WORK INSTRUCTION:
Beginning with the line containing "GRØNN ORGANZA STOFF" and ending with the last line of the entries below, copy each line exactly and nothing else.

Stored entries:
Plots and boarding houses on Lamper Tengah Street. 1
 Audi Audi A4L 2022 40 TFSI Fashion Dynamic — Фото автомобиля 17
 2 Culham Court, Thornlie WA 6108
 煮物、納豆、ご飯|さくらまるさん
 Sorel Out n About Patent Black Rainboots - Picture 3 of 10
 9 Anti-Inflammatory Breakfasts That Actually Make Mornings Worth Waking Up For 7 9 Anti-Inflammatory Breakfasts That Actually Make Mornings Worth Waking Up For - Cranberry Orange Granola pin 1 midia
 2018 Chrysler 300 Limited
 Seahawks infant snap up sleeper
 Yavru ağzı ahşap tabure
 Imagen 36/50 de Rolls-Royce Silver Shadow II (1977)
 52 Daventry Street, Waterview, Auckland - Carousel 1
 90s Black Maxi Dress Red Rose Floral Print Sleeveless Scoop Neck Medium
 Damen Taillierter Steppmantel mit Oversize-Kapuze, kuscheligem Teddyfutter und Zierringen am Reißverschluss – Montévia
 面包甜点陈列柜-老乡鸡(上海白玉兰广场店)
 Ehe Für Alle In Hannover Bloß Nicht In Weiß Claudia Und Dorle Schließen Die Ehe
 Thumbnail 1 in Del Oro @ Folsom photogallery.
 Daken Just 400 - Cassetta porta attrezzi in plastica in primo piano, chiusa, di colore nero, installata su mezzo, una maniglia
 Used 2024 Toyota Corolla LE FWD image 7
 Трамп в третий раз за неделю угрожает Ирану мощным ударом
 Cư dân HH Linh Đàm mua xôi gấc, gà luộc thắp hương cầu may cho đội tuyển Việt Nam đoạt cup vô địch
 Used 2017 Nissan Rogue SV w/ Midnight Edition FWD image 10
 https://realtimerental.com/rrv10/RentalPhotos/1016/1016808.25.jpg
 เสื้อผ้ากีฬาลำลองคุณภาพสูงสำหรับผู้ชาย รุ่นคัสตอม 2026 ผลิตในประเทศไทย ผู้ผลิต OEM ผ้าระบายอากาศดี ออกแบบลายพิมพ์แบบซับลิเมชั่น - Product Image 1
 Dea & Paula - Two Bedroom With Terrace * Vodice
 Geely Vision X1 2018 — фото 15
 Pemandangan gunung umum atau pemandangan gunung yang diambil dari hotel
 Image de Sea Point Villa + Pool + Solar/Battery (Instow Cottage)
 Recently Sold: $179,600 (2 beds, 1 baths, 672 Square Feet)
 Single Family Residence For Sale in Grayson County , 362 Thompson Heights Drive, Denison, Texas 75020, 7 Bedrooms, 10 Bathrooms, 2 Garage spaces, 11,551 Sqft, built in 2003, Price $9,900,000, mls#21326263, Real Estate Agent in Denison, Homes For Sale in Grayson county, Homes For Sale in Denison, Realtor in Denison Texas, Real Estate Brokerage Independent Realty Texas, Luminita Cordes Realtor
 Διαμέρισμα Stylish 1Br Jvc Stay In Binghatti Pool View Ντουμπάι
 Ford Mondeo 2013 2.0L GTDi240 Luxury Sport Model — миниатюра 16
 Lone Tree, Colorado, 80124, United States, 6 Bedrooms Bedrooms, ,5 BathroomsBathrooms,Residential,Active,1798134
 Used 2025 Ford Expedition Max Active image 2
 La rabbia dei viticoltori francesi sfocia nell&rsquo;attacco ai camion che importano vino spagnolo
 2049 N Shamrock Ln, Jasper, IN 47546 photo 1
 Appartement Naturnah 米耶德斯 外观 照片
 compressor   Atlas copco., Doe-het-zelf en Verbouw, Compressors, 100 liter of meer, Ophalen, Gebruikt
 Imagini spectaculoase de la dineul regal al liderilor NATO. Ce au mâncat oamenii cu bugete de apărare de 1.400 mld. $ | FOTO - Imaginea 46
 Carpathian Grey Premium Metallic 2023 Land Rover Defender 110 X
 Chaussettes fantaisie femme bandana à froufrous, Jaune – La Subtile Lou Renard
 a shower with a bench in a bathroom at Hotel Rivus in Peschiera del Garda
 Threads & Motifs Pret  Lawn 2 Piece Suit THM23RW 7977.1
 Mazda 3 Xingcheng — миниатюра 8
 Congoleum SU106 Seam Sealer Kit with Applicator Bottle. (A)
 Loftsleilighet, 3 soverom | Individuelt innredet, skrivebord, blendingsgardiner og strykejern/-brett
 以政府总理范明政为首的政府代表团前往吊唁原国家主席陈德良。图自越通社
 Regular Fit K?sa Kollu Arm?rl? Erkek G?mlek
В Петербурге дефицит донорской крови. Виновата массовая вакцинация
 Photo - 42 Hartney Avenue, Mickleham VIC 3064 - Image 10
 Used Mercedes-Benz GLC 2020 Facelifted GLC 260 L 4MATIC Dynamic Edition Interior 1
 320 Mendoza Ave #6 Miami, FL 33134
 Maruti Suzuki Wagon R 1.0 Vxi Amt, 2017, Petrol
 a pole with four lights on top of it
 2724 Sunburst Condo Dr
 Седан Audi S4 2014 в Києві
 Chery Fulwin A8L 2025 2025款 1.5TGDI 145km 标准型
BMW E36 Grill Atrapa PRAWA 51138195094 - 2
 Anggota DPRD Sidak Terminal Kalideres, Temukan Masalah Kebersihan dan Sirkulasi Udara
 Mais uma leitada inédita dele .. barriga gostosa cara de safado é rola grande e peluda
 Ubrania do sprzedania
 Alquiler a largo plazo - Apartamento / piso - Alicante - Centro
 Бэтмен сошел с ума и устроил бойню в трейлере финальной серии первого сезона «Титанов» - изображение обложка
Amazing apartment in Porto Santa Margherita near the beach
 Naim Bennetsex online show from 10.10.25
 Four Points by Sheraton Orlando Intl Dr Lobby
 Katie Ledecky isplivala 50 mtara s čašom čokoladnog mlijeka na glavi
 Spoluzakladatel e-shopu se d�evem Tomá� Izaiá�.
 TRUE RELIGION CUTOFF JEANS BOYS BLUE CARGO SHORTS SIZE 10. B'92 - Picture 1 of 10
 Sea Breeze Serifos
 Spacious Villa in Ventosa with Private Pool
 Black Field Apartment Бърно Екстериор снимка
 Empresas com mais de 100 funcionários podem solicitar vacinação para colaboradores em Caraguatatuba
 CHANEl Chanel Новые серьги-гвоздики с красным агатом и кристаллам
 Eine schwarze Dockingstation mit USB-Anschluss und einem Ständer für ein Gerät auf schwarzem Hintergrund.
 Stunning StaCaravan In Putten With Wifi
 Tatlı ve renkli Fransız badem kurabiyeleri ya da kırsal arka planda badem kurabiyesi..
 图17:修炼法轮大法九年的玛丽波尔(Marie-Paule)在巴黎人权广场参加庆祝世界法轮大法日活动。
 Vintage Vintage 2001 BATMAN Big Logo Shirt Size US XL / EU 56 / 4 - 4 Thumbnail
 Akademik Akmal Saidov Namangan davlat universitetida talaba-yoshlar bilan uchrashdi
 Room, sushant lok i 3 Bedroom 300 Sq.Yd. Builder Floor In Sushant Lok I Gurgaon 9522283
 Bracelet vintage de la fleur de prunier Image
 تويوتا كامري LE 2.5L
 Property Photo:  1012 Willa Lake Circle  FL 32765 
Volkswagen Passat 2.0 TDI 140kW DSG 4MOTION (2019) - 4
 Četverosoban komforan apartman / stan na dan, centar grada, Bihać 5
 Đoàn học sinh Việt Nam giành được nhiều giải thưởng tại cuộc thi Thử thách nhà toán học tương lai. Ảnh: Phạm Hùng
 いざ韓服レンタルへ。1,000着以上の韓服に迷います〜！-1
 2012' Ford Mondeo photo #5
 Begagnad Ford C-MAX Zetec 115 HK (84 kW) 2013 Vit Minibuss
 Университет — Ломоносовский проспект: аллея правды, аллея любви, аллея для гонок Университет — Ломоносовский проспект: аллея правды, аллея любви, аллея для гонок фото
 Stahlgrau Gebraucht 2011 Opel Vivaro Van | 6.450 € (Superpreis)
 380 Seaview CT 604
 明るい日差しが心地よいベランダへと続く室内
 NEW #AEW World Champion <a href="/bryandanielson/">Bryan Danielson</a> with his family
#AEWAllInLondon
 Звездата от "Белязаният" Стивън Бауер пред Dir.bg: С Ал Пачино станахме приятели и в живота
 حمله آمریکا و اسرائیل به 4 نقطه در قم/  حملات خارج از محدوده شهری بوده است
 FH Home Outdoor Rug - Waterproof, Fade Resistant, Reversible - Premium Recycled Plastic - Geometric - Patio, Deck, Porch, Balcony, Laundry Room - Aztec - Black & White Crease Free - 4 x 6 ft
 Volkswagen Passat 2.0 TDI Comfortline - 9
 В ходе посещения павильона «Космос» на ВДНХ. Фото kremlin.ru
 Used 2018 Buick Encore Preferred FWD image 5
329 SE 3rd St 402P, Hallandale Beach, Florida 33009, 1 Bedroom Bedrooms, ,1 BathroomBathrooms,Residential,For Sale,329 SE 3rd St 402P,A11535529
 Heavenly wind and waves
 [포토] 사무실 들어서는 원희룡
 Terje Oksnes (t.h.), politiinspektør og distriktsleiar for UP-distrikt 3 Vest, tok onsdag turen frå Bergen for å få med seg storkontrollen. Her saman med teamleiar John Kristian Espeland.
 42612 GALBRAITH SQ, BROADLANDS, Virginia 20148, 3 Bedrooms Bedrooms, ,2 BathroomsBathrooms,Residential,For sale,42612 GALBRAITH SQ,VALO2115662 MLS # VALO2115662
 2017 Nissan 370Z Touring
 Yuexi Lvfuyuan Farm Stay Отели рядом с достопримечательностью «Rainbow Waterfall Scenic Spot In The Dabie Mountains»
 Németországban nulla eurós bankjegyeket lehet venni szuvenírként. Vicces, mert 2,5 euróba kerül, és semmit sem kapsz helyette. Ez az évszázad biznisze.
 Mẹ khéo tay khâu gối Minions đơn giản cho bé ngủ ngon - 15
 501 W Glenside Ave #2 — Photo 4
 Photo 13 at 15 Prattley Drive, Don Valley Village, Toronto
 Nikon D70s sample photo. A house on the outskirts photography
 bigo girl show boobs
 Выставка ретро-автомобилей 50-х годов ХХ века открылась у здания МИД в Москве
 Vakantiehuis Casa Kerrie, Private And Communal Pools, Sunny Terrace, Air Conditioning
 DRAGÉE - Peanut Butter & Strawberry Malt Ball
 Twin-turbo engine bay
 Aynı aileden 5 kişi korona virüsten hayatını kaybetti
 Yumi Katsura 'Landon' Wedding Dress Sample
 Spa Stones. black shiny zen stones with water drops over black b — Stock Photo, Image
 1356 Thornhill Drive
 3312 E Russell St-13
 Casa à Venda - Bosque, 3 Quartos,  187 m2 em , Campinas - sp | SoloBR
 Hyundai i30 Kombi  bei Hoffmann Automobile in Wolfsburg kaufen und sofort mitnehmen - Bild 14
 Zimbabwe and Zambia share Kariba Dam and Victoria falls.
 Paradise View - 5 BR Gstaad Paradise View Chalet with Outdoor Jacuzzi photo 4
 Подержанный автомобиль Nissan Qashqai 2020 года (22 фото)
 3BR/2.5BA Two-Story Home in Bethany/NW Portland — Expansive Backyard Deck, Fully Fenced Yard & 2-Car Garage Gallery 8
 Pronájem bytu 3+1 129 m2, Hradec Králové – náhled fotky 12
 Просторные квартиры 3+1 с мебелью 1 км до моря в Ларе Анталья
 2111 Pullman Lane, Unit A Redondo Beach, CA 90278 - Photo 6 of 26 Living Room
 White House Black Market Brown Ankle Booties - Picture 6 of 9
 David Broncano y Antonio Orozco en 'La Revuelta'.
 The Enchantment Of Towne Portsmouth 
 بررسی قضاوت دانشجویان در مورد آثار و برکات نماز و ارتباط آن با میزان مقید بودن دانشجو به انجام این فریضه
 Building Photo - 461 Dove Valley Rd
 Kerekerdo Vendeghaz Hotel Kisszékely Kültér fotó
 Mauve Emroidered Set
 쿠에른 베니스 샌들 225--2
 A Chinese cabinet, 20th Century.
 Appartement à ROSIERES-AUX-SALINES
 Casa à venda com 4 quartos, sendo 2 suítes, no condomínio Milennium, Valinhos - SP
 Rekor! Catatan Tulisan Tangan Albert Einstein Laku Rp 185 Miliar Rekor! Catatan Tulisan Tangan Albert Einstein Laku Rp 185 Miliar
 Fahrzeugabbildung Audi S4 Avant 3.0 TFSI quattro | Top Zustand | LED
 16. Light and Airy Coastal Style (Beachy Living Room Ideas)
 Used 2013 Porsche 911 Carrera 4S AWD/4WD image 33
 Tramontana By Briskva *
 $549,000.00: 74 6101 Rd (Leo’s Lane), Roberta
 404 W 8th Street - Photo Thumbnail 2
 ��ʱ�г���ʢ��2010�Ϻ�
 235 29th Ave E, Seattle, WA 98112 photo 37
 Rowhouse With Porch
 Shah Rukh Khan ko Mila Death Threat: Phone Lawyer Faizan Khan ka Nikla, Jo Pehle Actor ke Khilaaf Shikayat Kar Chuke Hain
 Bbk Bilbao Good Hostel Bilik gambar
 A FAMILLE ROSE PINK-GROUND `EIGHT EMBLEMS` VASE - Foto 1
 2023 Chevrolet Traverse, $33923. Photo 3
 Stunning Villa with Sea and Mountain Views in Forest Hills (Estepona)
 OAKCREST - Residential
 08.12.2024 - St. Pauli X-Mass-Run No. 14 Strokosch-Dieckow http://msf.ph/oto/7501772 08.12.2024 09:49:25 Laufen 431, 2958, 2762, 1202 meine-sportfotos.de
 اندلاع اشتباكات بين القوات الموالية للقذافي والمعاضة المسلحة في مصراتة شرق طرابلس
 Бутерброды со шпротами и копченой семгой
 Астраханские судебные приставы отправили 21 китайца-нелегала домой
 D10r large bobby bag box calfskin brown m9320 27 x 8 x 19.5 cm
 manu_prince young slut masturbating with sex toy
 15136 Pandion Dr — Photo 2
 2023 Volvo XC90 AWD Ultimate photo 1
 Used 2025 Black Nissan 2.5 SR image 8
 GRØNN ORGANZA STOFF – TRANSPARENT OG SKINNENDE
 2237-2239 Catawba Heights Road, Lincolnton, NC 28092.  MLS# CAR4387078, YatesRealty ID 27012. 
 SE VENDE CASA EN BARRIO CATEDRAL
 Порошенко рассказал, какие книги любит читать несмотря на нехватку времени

RESPONSE AREA:
 GRØNN ORGANZA STOFF – TRANSPARENT OG SKINNENDE
 2237-2239 Catawba Heights Road, Lincolnton, NC 28092.  MLS# CAR4387078, YatesRealty ID 27012. 
 SE VENDE CASA EN BARRIO CATEDRAL
 Порошенко рассказал, какие книги любит читать несмотря на нехватку времени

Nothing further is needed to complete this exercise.